洛子宴也不多寒暄,谢过叔父后就匆匆走了。
洛子宴来到西边的偏院,一进门就听见有吵闹声。
“不就是碰碰你的猫吗?至于吗?别忘了你现在还住在我们家呢?不乐意就捡包袱滚蛋。”
“这是我们公子的猫,你没资格碰,再碰剁你的手。”是苏茗烟的声音。
“哟,不就是那个冒出来的野种吗?我会怕他?”
洛子宴走进去,看见苏茗烟抱着木头,正跟一个十三四岁的少女在争执着什么。
“你是何人?”洛子宴问。
“我是何人?这整座神魔山都是我的,你问我是何人?我是这里的主人,我叫洛天一。”
少女趾高气扬地说。
洛子宴大概猜到,这便是洛南天的独女洛天一,也不跟她纠缠,拉过苏茗烟问道:“你没事罢?有没有受伤?”

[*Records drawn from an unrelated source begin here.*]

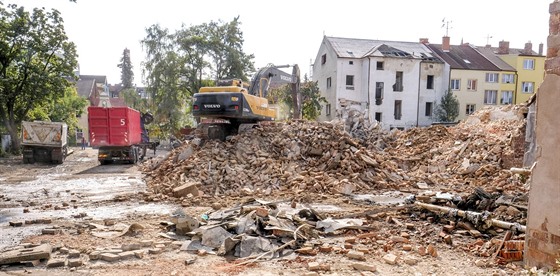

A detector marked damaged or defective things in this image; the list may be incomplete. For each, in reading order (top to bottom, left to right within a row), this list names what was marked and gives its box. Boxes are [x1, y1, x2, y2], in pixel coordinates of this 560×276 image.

damaged roof [326, 36, 440, 61]
damaged roof [426, 43, 500, 70]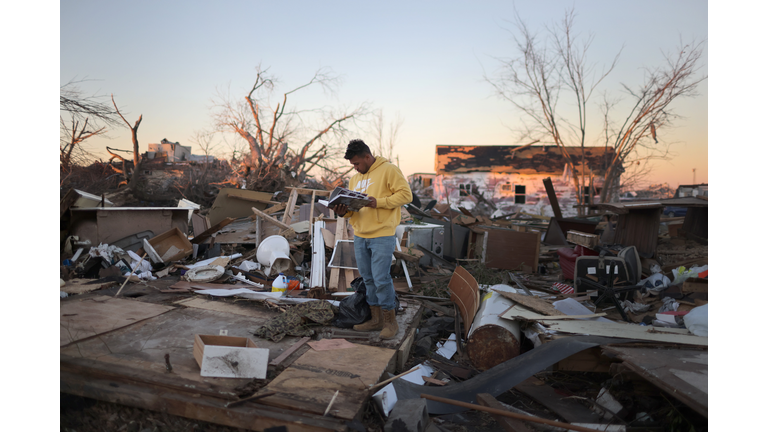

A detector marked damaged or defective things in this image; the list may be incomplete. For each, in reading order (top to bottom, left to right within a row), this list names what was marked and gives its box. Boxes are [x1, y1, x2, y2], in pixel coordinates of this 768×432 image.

broken wooden board [60, 296, 175, 346]
broken wooden board [496, 288, 560, 316]
broken wooden board [262, 342, 396, 420]
broken wooden board [516, 376, 608, 424]
broken wooden board [608, 346, 708, 416]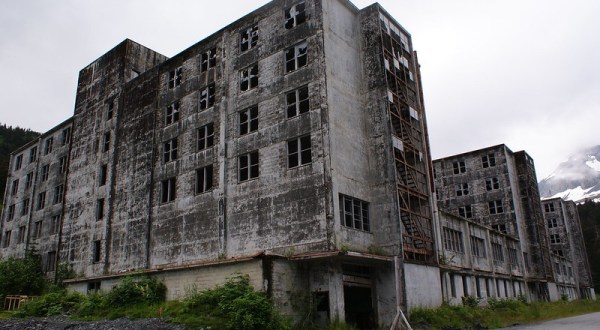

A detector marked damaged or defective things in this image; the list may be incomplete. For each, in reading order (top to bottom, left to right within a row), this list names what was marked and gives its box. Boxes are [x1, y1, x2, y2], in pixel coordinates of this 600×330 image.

broken window [284, 2, 308, 29]
broken window [239, 23, 258, 51]
broken window [200, 47, 217, 71]
broken window [284, 41, 308, 73]
broken window [239, 63, 258, 91]
broken window [199, 84, 216, 109]
broken window [286, 85, 310, 117]
broken window [239, 105, 258, 135]
broken window [196, 122, 214, 151]
broken window [197, 165, 213, 193]
broken window [238, 151, 258, 182]
broken window [288, 135, 312, 169]
broken window [340, 195, 368, 231]
broken window [440, 227, 464, 253]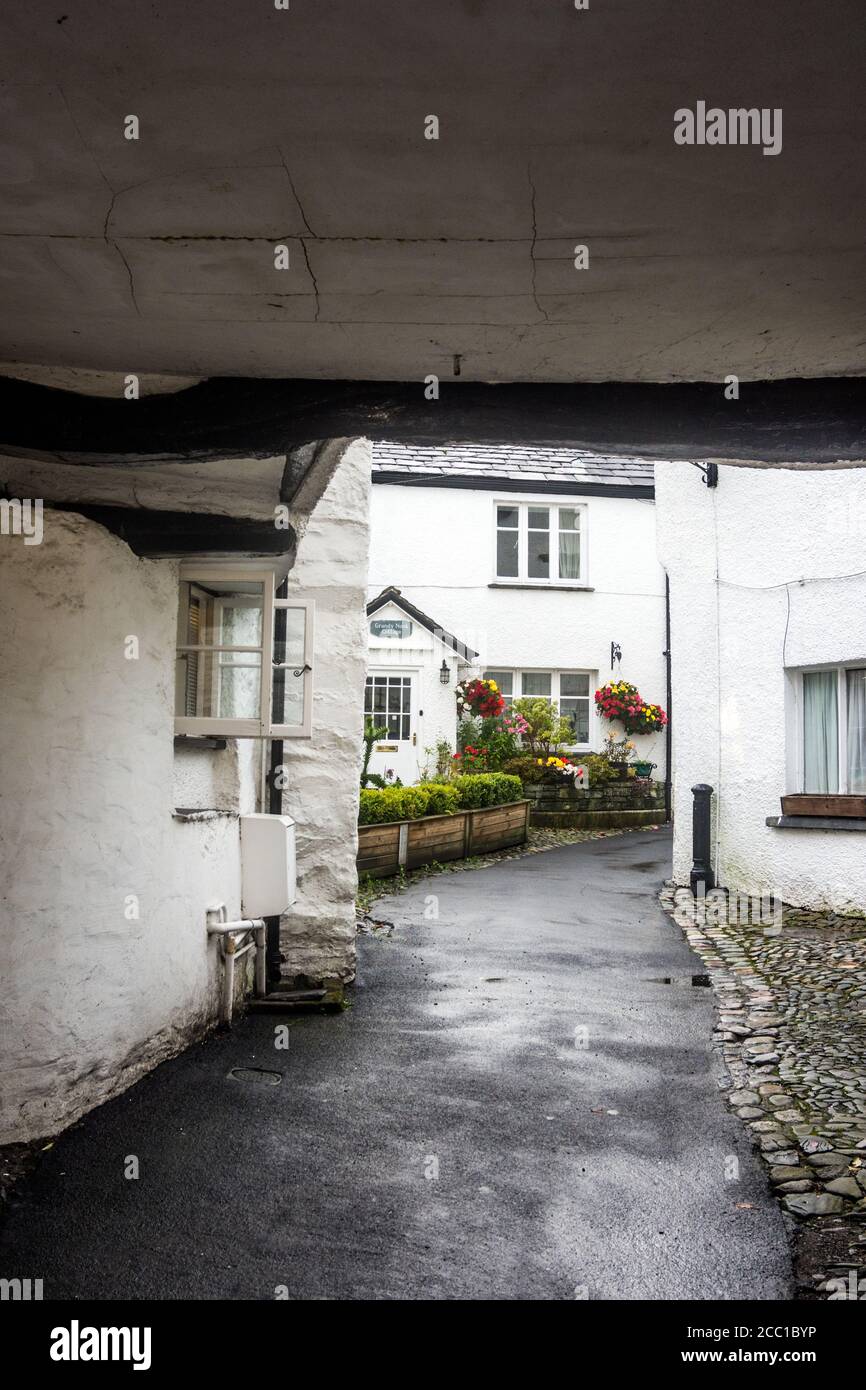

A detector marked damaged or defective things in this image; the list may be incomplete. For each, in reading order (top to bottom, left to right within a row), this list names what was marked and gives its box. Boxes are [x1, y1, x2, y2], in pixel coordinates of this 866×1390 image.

苏茗烟霎时眼波流动,说:“受了一点伤,现在已经没事了,诺,木头还给你,这几天可把我烦死了。”
洛子宴抱过木头,摸了摸它的脑袋,瘦了,人瘦了,猫也瘦了。
“茗烟,我找你有事。”洛子宴说。
“何事?说罢。”
“我想上山去弄些草药,你帮我看着师傅行不?”
“他如何了,要紧吗?”
“他伤得有些严重,我想上山给他弄些药材。”
“行罢,那他现在在何处?”
两人回到那院里,只见里面热闹得很,工人们已经开始忙乎起来了。
屋里师傅还在床上躺着,洛子宴过去,把木头放在他旁边,用手摸了摸他额头,体温正常,只是睡着了。洛子宴回过头跟苏茗烟说:“请你帮我照看一下我师傅,厨房里有炖着的参汤,醒了就给他喝,不论次数;晚上熬些白粥打一个鸡蛋拌着给他吃;亥时给他备些温水,他要洗脸擦身子,拜托了。”
苏茗烟点点头,没说什么,目送他出门。
洛子宴交代完背着个篓子就上山了,此时已是午时,洛子宴片刻也不想再耽搁了。
神魔山跟苏灵山不一样。苏灵山一入谷内,便是一片紫色的花海,花海里有吃草的仙鹿,有斗艳的蝴蝶,有勤劳的蜜蜂,还有取之不尽的草药。小时候洛子宴跟师傅经常采药累了就躺在花海里,闻着花香假寐片刻。现在想起来,那样美好的回忆却恍若隔世。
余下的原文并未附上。